Dans un rapport publié le mois dernier, le commissaire fédéral à l’environnement et au développement durable, Jerry DeMarco, soulignait que les industries fossiles nuisent aux efforts de réduction des émissions de GES du Canada. « Même en tenant compte des réductions considérables des émissions des sables bitumineux par baril, la production pétrolière et gazière du Canada, qui est en pleine expansion, reste l’un des principaux obstacles à l’atteinte des cibles climatiques du pays », écrit-il.

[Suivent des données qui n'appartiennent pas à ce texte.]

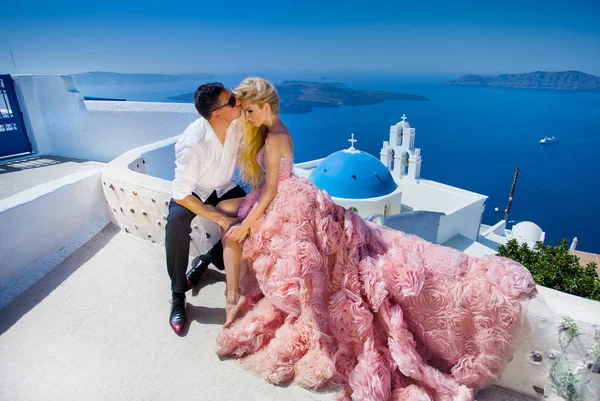 La encantadora pareja joven hermosa mujer del hombre guapo en relación con el hermoso paisaje griego — Foto de Stock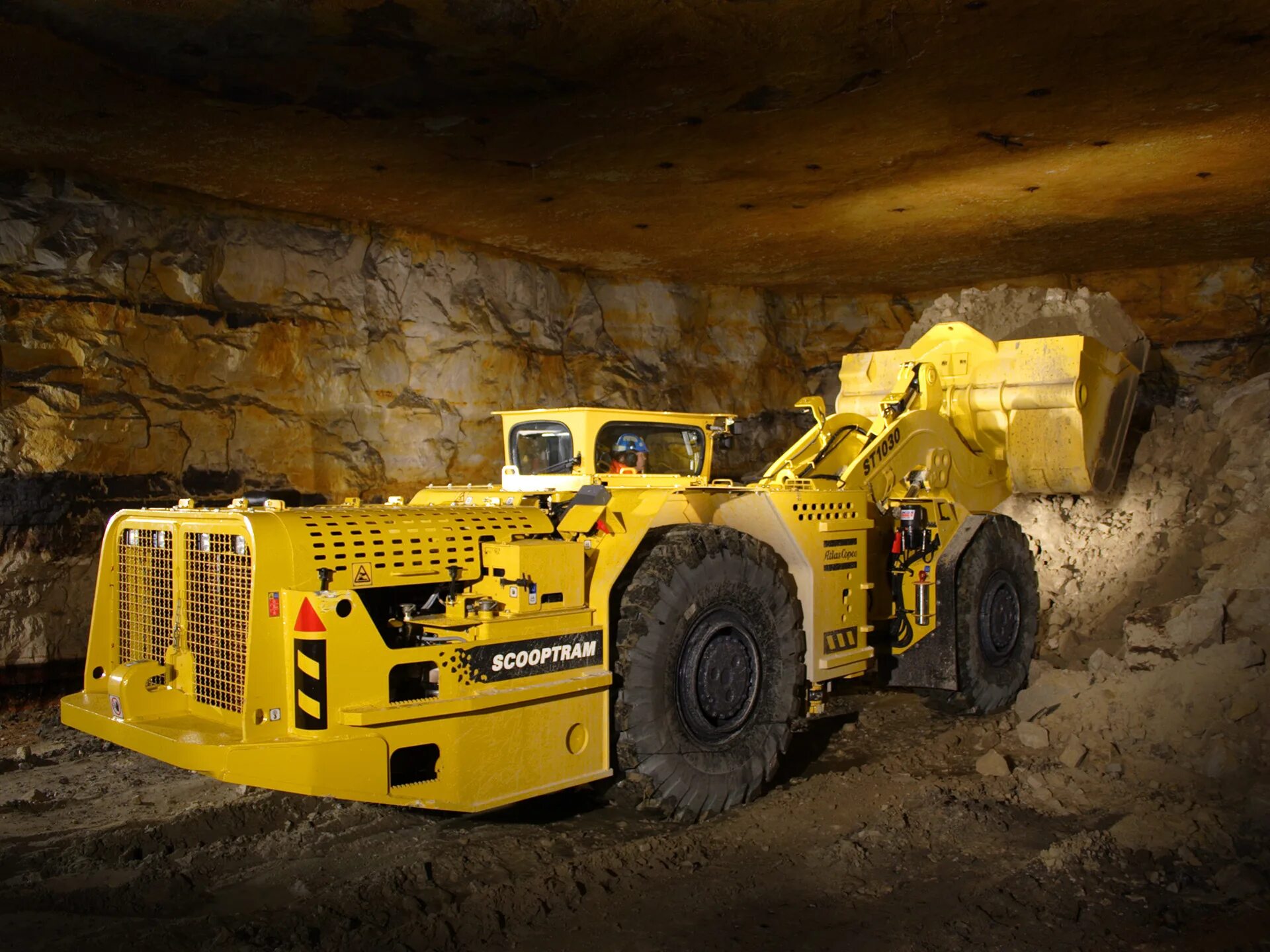 Карьерный самосвал катерпиллер. Самосвал caterpillar 797f. 730е komatsu. Самосвал катерпиллер 797. Volvo r100e.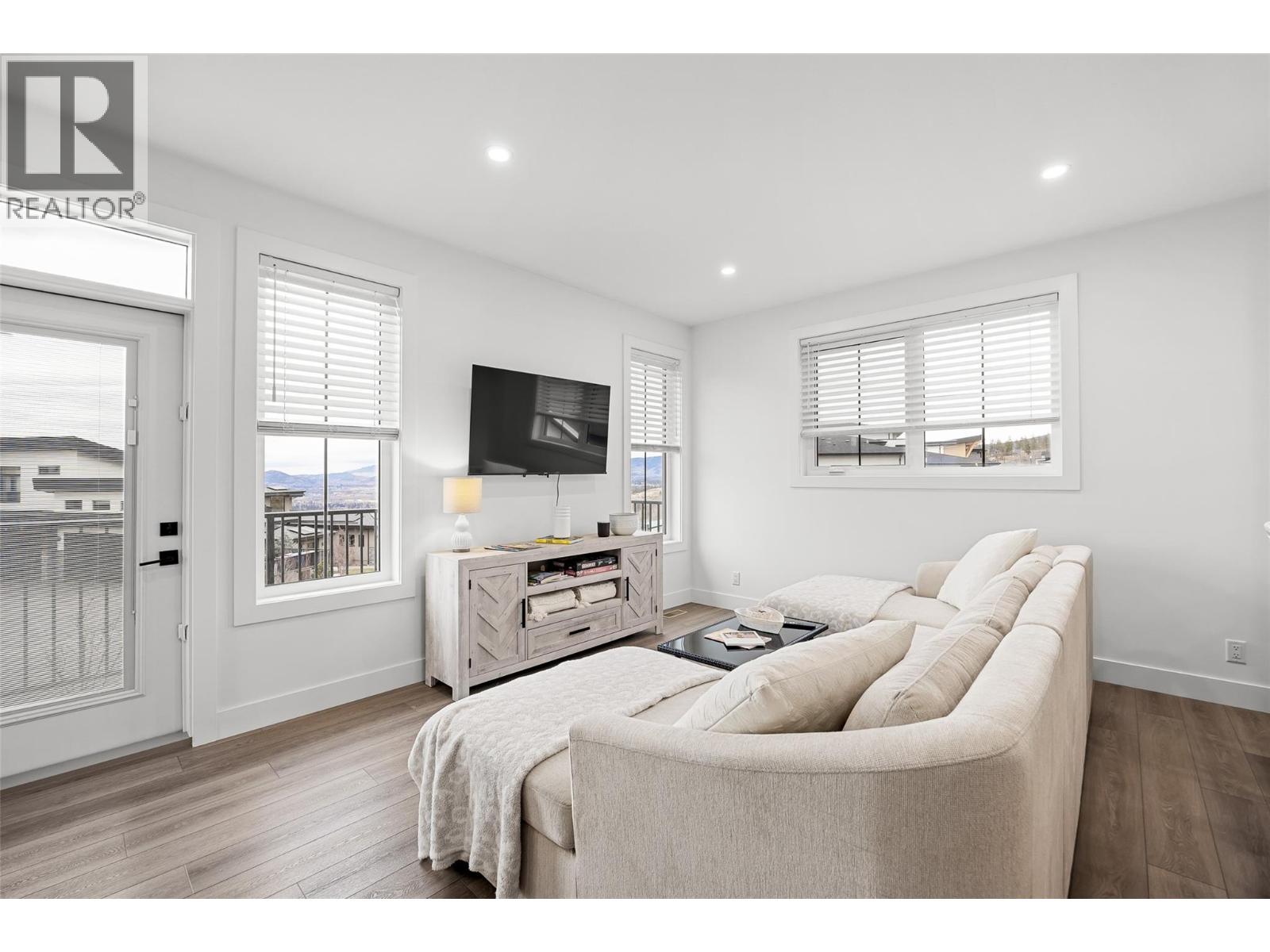 415 Hawk Hill Drive, Kelowna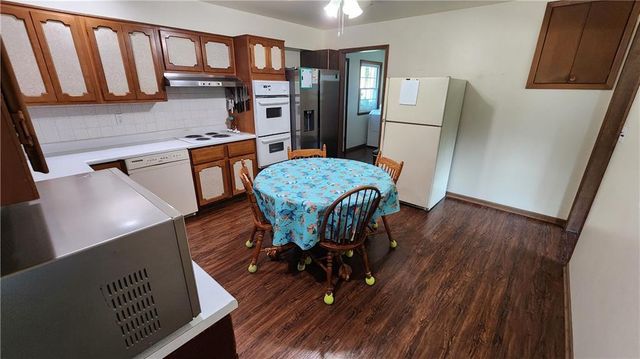 2102 Franklin Avenue, Lexington, MO 64067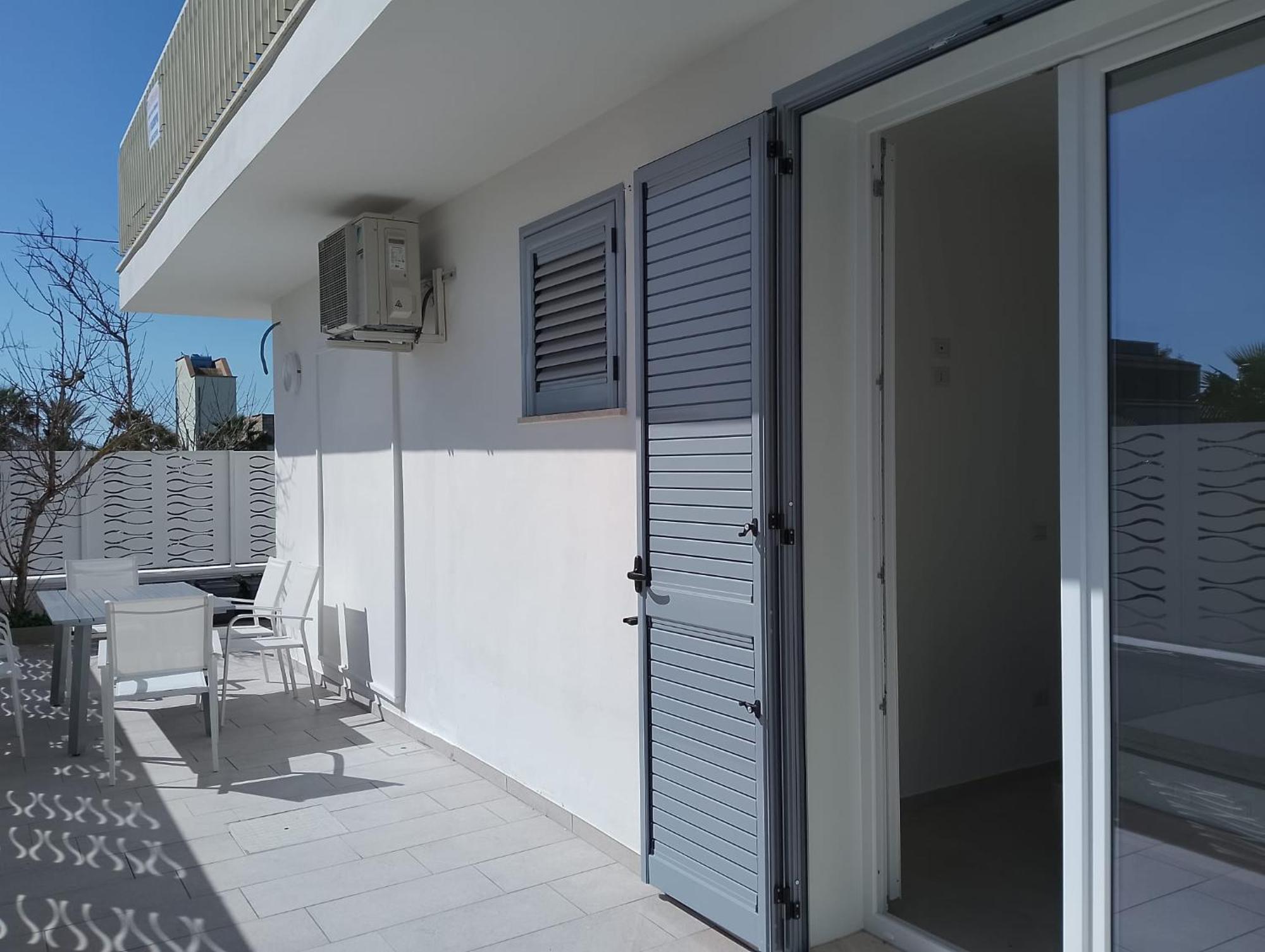 Punta Grossa Apartments By My Home Apulia 토레 라필로 외부 사진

Selon un rapport publié plus tôt cette année par l’Agence internationale de l’énergie, il faut abandonner dès maintenant tout nouveau projet d’exploration et d’exploitation d’énergies fossiles pour espérer limiter les bouleversements du climat et respecter les objectifs de l’Accord de Paris.


Une version précédente de ce texte avait pour titre « Une réglementation plus stricte qui touchera les énergies fossiles », ce qui n'est pas exact.